Since the equation has x and y squared terms on the left and 0 on the right, the equation represents pair of lines crossing each other at \(\displaystyle{\left({4},-{2}\right)}.\)

\(\displaystyle{4}{x}^{2}-{y}^{2}-{32}{x}-{4}{y}+{60}={0}\)

\(\displaystyle{4}{x}^{2}-{32}{x}-{y}^{2}-{4}{y}=-{60}\)

\(\displaystyle{4}{\left({x}^{2}-{8}{x}\right)}-{\left({y}^{2}+{4}{y}\right)}=-{60}\)

\(\displaystyle{4}{\left({\left({x}\right)}^{2}-{2}{\left({x}\right)}{\left({4}\right)}+{4}^{2}-{4}^{2}\right)}-{\left({y}^{2}+{2}{\left({y}\right)}{\left({2}\right)}+{2}^{2}-{2}^{2}\right)}=-{60}\)

\(\displaystyle{4}{\left({\left({x}\right)}^{2}-{2}{\left({x}\right)}{\left({4}\right)}+{4}^{2}-{16}\right)}-{\left({y}^{2}\right)}+{2}{\left({y}\right)}{\left({2}\right)}+{2}^{2}-{4}=-{60}\)

\(\displaystyle{4}{\left({\left({x}-{4}\right)}^{2}-{16}\right)}-{\left({\left({y}+{2}\right)}^{2}-{4}\right)}=-{60}\)

\(\displaystyle{4}{\left({\left({x}-{4}\right)}^{2}\right)}-{64}-{\left({\left({y}+{2}\right)}^{2}\right)}+{4}=-{60}\)
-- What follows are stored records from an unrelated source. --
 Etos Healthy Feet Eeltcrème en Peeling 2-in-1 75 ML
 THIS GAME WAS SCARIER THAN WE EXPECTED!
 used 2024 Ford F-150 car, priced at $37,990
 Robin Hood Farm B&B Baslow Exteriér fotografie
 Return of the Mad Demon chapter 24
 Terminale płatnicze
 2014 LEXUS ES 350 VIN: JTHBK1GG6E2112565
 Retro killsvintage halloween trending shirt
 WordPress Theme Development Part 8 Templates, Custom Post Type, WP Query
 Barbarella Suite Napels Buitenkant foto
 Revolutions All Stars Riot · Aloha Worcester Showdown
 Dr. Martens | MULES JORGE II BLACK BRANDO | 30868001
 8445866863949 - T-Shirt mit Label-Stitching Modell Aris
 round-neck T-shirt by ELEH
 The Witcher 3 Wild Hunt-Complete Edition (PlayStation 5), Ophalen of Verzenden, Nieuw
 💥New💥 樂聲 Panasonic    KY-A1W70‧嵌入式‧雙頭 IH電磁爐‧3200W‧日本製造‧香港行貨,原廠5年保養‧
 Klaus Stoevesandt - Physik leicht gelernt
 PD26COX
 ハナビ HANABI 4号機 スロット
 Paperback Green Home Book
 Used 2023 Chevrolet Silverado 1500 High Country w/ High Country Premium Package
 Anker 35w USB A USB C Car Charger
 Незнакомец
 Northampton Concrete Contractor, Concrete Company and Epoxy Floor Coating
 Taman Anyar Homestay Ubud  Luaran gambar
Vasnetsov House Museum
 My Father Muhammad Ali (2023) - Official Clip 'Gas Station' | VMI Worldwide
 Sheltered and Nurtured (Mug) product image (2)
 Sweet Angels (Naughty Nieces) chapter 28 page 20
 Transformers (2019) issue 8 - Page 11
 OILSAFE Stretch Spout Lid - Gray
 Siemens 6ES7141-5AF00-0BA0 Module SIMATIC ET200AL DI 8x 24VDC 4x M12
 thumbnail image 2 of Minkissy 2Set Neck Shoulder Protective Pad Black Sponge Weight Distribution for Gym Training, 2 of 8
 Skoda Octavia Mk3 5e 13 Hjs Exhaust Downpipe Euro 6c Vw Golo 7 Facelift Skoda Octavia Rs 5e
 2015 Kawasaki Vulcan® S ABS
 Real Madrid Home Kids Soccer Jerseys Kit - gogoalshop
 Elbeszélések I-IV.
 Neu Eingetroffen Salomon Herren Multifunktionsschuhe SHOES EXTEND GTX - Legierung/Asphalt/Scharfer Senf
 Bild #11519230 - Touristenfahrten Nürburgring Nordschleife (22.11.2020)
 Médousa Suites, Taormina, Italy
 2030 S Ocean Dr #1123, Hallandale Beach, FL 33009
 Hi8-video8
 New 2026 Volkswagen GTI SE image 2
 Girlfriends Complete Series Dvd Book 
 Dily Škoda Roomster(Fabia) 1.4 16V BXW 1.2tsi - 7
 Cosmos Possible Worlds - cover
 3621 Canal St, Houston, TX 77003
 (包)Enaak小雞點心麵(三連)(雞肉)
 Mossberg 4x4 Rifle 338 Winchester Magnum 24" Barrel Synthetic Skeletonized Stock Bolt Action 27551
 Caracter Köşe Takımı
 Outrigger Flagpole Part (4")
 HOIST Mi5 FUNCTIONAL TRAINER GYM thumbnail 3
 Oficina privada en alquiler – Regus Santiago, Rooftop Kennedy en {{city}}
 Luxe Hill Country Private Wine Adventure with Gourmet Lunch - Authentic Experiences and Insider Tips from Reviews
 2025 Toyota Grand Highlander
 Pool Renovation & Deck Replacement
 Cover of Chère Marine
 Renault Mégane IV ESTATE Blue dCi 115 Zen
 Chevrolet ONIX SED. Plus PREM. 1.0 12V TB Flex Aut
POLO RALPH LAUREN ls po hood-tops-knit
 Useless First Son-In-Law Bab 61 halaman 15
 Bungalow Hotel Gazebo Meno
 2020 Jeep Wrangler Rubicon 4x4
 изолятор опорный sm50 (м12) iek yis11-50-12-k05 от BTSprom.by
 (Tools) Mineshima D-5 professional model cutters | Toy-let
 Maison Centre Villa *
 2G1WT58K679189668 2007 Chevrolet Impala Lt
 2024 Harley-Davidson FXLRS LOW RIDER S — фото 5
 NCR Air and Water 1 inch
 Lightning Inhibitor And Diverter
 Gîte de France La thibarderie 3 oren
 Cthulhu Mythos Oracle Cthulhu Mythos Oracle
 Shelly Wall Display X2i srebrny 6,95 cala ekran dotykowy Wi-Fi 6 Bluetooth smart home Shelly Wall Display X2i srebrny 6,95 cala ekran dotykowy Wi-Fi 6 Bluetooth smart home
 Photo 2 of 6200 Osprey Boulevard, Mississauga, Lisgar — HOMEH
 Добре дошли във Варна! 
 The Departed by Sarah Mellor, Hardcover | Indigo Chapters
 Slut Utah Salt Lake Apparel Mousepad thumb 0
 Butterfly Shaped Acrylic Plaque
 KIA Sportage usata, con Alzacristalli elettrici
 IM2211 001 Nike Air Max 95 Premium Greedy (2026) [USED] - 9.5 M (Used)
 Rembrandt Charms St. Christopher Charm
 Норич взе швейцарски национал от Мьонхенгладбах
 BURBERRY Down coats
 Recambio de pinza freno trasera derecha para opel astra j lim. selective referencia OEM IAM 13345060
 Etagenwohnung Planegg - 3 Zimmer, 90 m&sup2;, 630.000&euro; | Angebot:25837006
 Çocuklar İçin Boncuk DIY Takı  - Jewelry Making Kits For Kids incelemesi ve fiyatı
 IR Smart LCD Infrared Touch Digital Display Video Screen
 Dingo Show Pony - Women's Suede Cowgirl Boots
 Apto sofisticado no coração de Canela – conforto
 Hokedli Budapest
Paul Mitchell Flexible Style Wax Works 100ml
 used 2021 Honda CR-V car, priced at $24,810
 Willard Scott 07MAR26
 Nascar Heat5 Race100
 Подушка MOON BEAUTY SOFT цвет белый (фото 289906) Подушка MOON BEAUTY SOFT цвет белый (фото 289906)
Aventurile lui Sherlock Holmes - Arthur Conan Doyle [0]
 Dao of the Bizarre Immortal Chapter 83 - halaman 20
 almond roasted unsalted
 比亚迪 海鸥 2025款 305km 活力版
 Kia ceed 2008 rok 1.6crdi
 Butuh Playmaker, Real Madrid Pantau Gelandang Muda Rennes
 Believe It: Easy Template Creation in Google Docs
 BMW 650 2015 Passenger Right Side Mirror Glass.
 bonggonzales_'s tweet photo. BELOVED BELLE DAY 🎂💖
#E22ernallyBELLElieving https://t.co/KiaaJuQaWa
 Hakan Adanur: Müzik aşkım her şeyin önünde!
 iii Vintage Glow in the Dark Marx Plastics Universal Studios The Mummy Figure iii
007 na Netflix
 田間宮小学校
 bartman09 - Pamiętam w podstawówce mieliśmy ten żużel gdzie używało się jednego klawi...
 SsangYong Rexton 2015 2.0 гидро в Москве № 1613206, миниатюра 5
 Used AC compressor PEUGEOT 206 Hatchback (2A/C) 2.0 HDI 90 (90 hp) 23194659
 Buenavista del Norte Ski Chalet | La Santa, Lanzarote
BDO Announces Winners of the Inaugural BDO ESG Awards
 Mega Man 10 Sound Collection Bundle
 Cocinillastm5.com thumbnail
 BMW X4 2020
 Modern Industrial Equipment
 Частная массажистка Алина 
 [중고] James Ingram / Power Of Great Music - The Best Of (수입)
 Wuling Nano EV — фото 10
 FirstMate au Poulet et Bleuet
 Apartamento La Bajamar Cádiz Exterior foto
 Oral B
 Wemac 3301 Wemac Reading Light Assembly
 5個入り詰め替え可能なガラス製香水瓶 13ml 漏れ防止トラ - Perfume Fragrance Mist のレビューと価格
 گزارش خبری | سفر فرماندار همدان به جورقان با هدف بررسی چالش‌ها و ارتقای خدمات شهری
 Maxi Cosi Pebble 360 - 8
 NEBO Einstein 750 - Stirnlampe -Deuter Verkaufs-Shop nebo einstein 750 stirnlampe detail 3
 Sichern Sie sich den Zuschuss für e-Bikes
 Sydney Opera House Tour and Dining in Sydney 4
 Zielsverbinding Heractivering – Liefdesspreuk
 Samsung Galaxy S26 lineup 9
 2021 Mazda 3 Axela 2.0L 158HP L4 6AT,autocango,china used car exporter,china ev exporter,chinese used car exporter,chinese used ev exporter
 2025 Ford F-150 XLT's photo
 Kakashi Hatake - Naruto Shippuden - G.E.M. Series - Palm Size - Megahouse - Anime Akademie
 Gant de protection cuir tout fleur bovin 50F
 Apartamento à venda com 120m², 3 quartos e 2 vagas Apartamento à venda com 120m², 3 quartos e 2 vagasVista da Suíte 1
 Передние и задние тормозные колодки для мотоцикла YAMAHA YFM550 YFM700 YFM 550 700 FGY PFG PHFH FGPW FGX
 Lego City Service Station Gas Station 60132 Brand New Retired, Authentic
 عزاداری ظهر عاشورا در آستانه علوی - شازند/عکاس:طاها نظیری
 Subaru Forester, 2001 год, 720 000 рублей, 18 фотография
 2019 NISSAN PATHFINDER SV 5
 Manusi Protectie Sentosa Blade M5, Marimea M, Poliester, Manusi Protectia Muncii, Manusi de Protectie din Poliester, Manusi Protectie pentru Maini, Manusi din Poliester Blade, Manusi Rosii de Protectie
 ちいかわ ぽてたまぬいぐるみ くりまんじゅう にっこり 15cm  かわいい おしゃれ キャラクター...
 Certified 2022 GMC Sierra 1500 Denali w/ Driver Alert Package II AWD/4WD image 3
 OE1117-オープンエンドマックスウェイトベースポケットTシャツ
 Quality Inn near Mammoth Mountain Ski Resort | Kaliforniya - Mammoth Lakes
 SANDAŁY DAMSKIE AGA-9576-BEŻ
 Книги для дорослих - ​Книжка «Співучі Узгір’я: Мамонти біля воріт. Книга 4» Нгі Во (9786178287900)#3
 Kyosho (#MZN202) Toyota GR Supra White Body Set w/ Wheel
\(\displaystyle{4}{\left({x}-{4}\right)}^{2}-{\left({y}+{2}\right)}^{2}={0}\)

Step 2

The equations of the lines are \(\displaystyle{2}{x}–{y}={10}{\quad\text{and}\quad}{2}{x}+{y}={6}\)

\(\displaystyle{4}{\left({x}-{4}\right)}^{2}-{\left({y}+{2}\right)}^{2}={0}\)

\(\displaystyle{\left[{2}{\left({x}-{4}\right)}\right]}^{2}={\left({y}+{2}\right)}^{2}\)

\(\displaystyle{2}{x}-{8}={\left({y}+{2}\right)}{\quad\text{or}\quad}{2}{x}-{8}=-{\left({y}+{2}\right)}\)

\(\displaystyle{2}{x}-{8}={y}+{2}{\quad\text{or}\quad}{2}{x}-{8}=-{y}-{2}\)

\(\displaystyle{2}{x}-{y}={10}{\quad\text{or}\quad}{2}{x}+{y}={6}\)

Step 3

Answer:

The equation represents pair of lines crossing each other at (4, -2) and the equations of the lines are \(\displaystyle{2}{x}–{y}={10}{\quad\text{and}\quad}{2}{x}+{y}={6}\)